**Records for this exercise:**
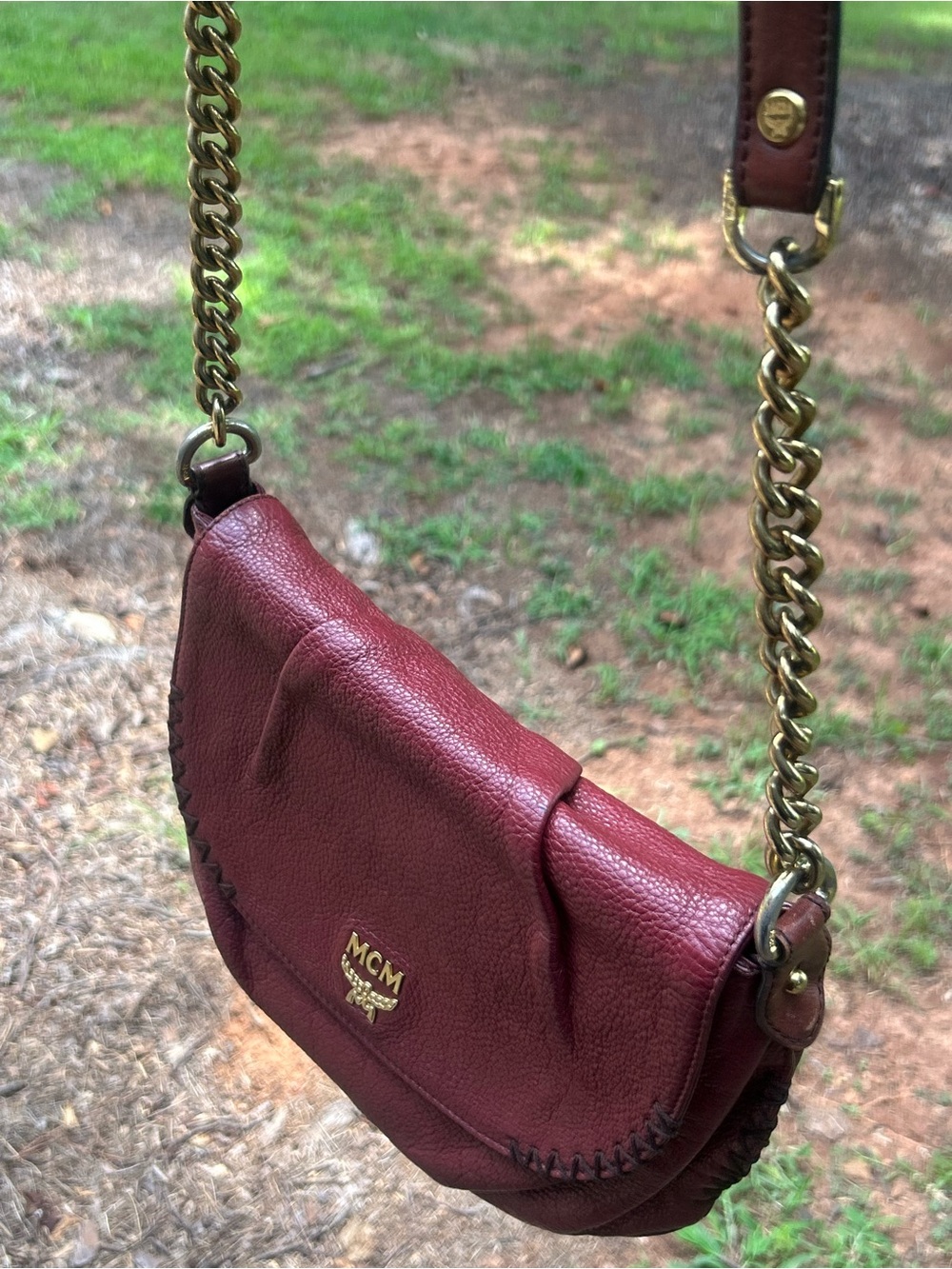 MCM Burgundy Pebbled Leather Flap Crossbody Shoulder Bag Made in Korea - Picture 13 of 13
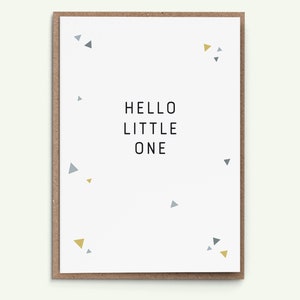 Greeting Card "Hello little One" (grey) - Birth Welcome Baby Kid Boy Girl Unisex simplistic geometric modern fresh
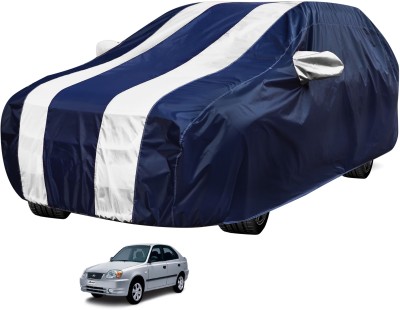Auto Hub Car Cover For Hyundai Accent (With Mirror Pockets)(Blue, White)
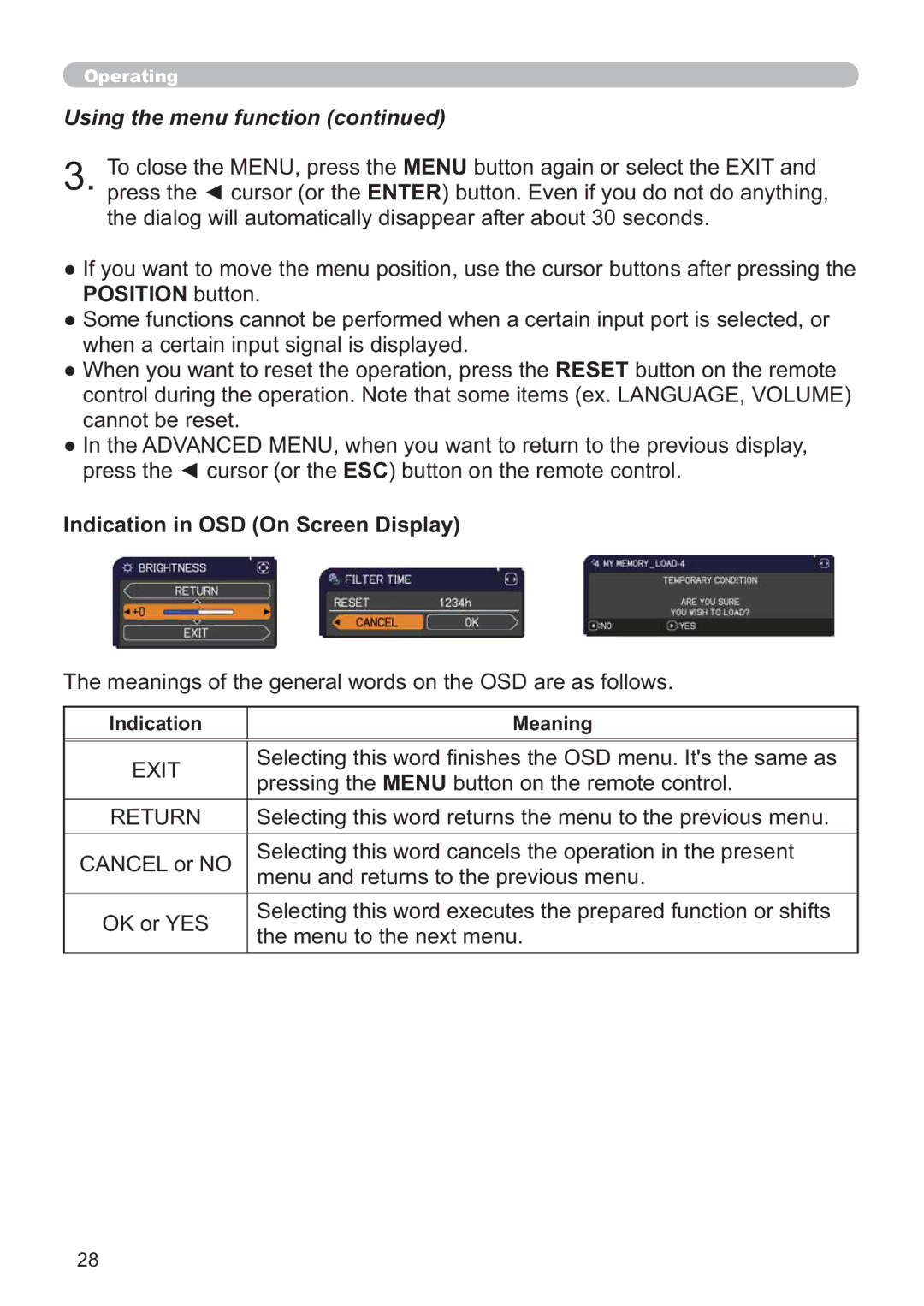 Hitachi ED-AW110N Using the menu function, Indication in OSD On Screen Display, PhqxDqgUhwxuqvWrWkhSuhylrxvPhqx 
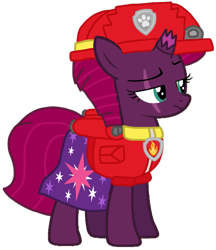 Size: 917x1063 | Tagged: safe, artist:徐詩珮, fizzlepop berrytwist, tempest shadow, pony, unicorn, series:sprglitemplight diary, series:sprglitemplight life jacket days, series:springshadowdrops diary, series:springshadowdrops life jacket days, g4, alternate universe, broken horn, clothes, cute, cutie mark, cutie mark on clothes, dress, eye scar, eyelashes, female, helmet, horn, mare, marshall (paw patrol), paw patrol, paw prints, scar, simple background, solo, tempest shadow is not amused, transparent background, unamused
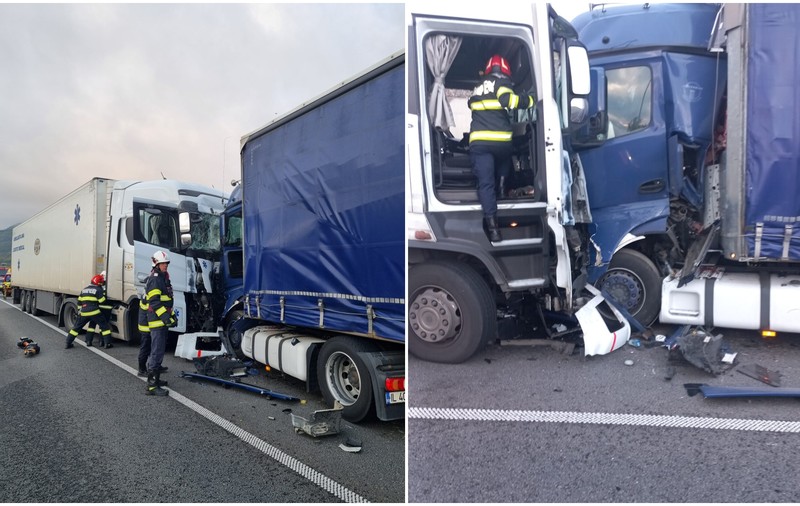 Două TIR-uri s-au ciocnit frontal, după ce unul a intrat pe contrasens, pe breteaua A1 de la Boița, în Sibiu | VIDEO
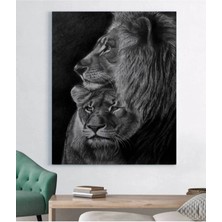  4K Hd Kalite Mgi Design Aslan Leopar Siyah Beyaz Dekoratif Hd Baskı Kanvas Tablo Hd Dijital Baskı Dikey Kanvas Tablo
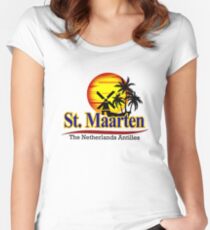 St. Maarten, The Netherlands Antilles Women's Fitted Scoop T-Shirt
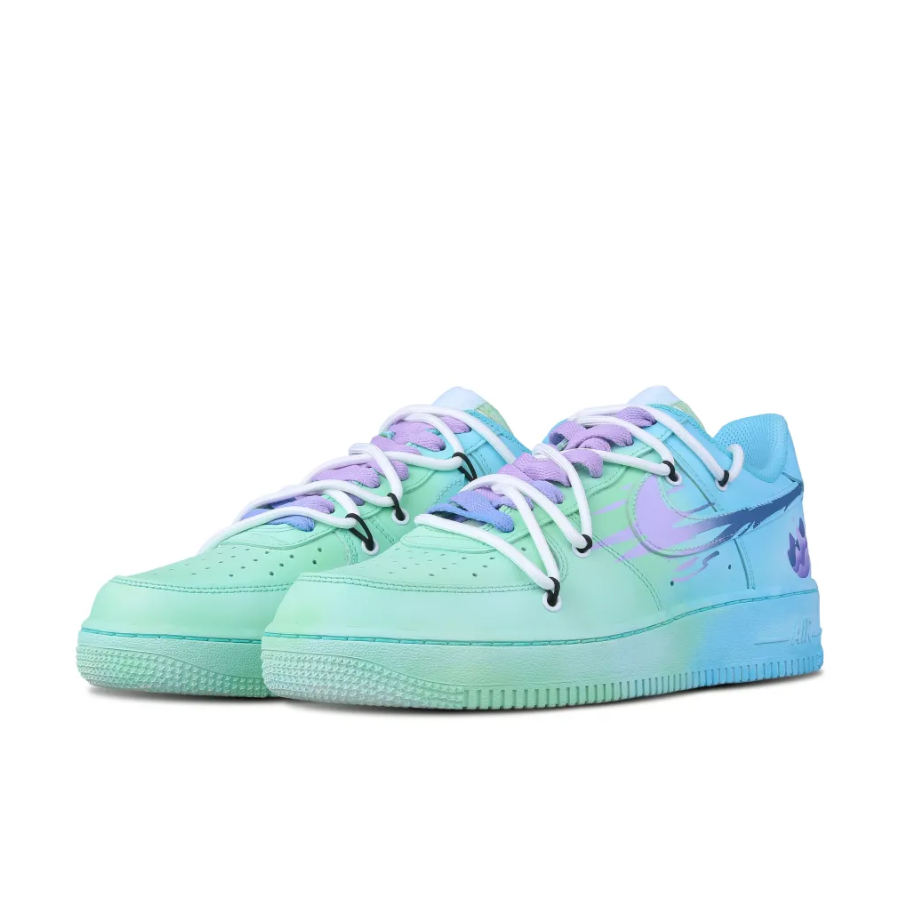 Custom Air Force 1 Low Extra Lace Blue Green Gradient Purple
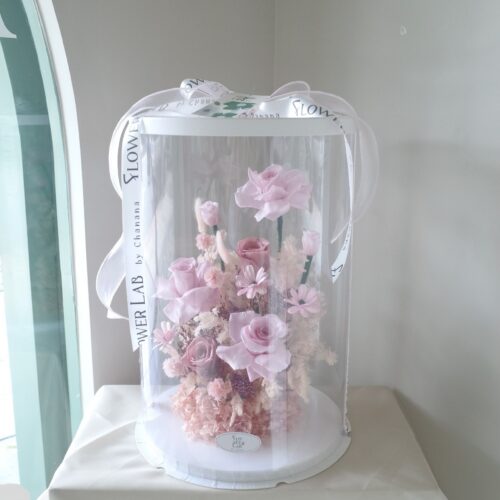Tall Box L - กล่องดอกไม้ทรงสูงพลาสติกใสขนาดใหญ่ โทนสีชมพู [P-TAL-L-021]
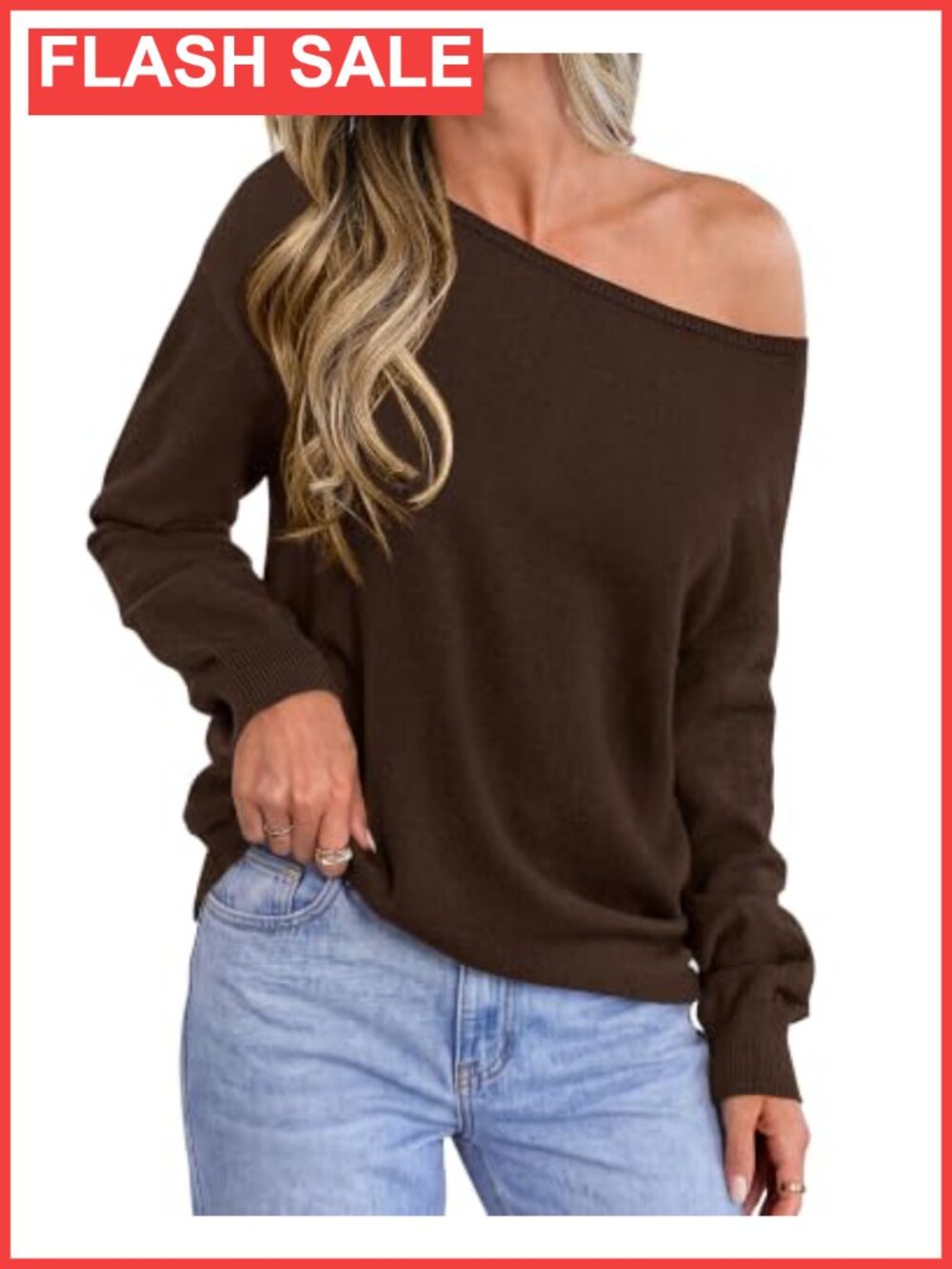 BTFBM Off Shoulder Sweater Lightweight Knit Pullover Going Out Top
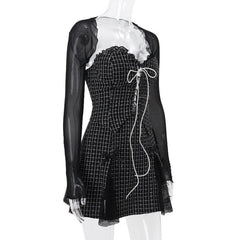 Long sleeve mesh plaid bowknot lace up shrug 2 piece mini dress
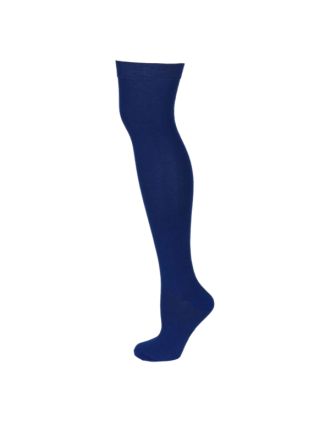 Plain Royal Blue Over The Knee Socks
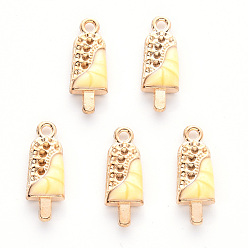 Yellow Alloy Enamel Pendants, Cadmium Free & Lead Free, Light Gold, Ice Cream, Yellow, 18.5x7x3.5mm, Hole: 1.6mm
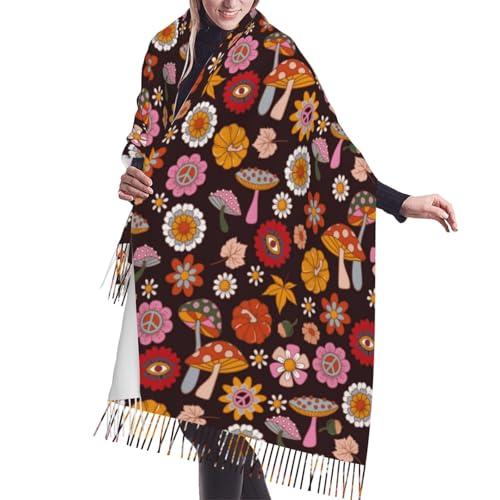 70s Groovy Hippie Retro Pashmina Shawls Scarf Wraps for Women, Fall Winter Large Blanket Scarf Fashion Scarves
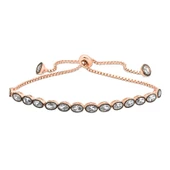 Gümüş Rose Oval Kesim Elmas Montür Asansör Bileklik thumbnail 1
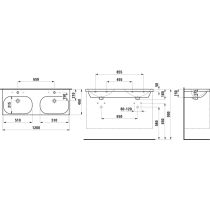 LAUFEN LUA Dvojumývadlo bez otvrou pre batériu, bez prepadu a bez otvoru v odtokovom ventile, 1200x460 mm, farba Biela, H8140810001421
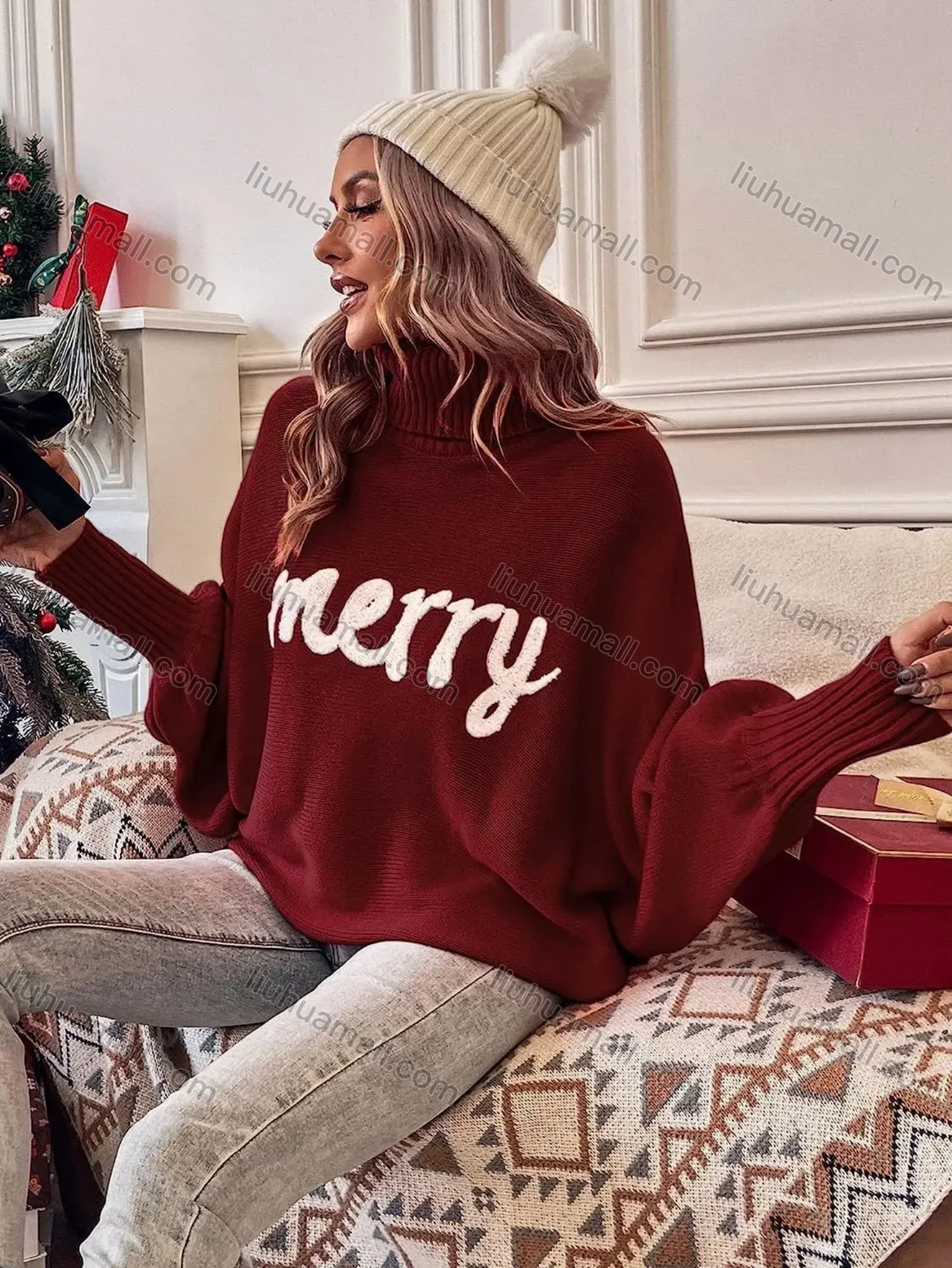 Wholesale Women's Casual High Neck Long Sleeve Loose Fit Batwing Sleeve Rib Knit Sweater - Liuhuamall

**Your instructions:** All lines from the one containing "BTFBM Off Shoulder" through the final line of the entries above must be restated word for word, pictures excluded.

**Task response:**
 BTFBM Off Shoulder Sweater Lightweight Knit Pullover Going Out Top
 Long sleeve mesh plaid bowknot lace up shrug 2 piece mini dress
 Plain Royal Blue Over The Knee Socks
 Yellow Alloy Enamel Pendants, Cadmium Free & Lead Free, Light Gold, Ice Cream, Yellow, 18.5x7x3.5mm, Hole: 1.6mm
 70s Groovy Hippie Retro Pashmina Shawls Scarf Wraps for Women, Fall Winter Large Blanket Scarf Fashion Scarves
 Gümüş Rose Oval Kesim Elmas Montür Asansör Bileklik thumbnail 1
 LAUFEN LUA Dvojumývadlo bez otvrou pre batériu, bez prepadu a bez otvoru v odtokovom ventile, 1200x460 mm, farba Biela, H8140810001421
 Wholesale Women's Casual High Neck Long Sleeve Loose Fit Batwing Sleeve Rib Knit Sweater - Liuhuamall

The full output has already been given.